We can further use a list comprehension to just get the letters from these tuples. Exercise: What would that look like?

Advantages of Storing Unordered Data as A Dictionary

So what’s the big deal about dictionaries? Let’s examine the benefit of using the dictionary for storing Scrabble scores as opposed to using a list of tuples or two separate lists.

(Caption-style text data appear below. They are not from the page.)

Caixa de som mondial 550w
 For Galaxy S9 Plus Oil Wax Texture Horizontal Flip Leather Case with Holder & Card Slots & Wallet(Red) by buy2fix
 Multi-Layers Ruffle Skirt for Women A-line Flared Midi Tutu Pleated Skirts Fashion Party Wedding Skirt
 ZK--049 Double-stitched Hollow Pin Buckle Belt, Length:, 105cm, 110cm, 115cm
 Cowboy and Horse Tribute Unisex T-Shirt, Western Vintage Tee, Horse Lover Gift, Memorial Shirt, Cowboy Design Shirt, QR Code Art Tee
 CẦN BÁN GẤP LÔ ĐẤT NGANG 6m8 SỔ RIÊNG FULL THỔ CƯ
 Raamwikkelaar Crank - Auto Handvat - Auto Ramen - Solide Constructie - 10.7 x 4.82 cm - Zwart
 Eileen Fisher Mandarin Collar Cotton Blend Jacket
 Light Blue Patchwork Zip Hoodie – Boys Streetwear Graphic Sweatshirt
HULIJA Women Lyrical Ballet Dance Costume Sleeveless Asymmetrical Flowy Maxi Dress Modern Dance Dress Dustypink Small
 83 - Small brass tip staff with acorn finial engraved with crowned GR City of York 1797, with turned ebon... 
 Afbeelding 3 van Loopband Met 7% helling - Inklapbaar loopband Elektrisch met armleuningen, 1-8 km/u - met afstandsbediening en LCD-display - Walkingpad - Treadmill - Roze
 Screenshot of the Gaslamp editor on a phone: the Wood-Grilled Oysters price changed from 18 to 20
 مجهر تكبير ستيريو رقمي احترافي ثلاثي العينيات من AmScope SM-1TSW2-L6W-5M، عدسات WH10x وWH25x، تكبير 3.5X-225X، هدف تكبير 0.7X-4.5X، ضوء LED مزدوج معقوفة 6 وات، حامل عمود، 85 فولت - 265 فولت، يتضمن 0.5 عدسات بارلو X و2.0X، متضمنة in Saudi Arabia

# random letters to query several times
import time
randomLetters = ['a', 'l', 'q', 's', 'y', 'z']*1000000
print("Number of queries", len(randomLetters))
Number of queries 6000000
# generate list of letters and scores
letters = list(scrabbleScore.keys())
scores = list(scrabbleScore.values())

# time using list operations to compute total score
startTime = time.time()
totalScore = 0

for query in randomLetters:
    index = letters.index(query)
    totalScore += scores[index]

endTime = time.time()
timeList = endTime - startTime
print("Time taken using a list", round(timeList, 3), "seconds")
Time taken using a list 2.54 seconds
# time using dictionaries to compute total score
startTime = time.time()
totalScore = 0

for query in randomLetters: 
    totalScore += scrabbleScore[query]

endTime = time.time()
timeDict = endTime - startTime
print("Time taken using a dictionary", round(timeDict, 3), "seconds")
Time taken using a dictionary 0.618 seconds

Even in this simple example dictionaries offer a 4x speed-up!